## Source records
- Opening Delimiter -

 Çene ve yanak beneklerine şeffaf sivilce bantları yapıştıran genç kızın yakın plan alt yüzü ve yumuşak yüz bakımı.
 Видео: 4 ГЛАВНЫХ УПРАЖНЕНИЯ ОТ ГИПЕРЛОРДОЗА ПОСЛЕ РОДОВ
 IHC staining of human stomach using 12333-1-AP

- Closing Delimiter -
- Opening Delimiter -

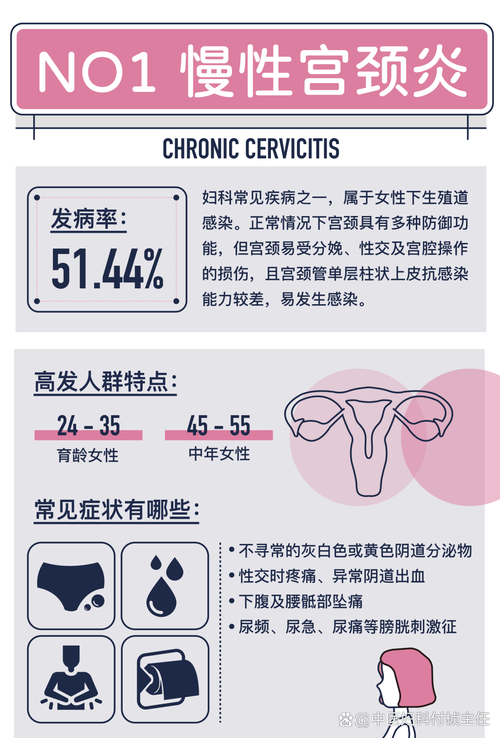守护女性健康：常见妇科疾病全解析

- Closing Delimiter -
- Opening Delimiter -

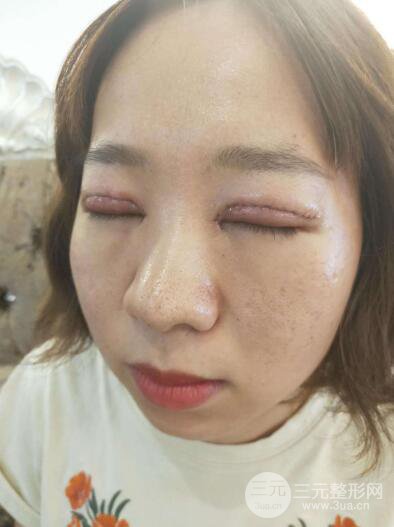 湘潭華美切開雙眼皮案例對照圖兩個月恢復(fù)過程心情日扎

- Closing Delimiter -

## Required work
Look through the data above and return exactly the lines from the one that contains "Çene ve yanak" to the one that contains "IHC staining of", inclusive, with nothing else.

## Expected answer
 Çene ve yanak beneklerine şeffaf sivilce bantları yapıştıran genç kızın yakın plan alt yüzü ve yumuşak yüz bakımı.
 Видео: 4 ГЛАВНЫХ УПРАЖНЕНИЯ ОТ ГИПЕРЛОРДОЗА ПОСЛЕ РОДОВ
 IHC staining of human stomach using 12333-1-AP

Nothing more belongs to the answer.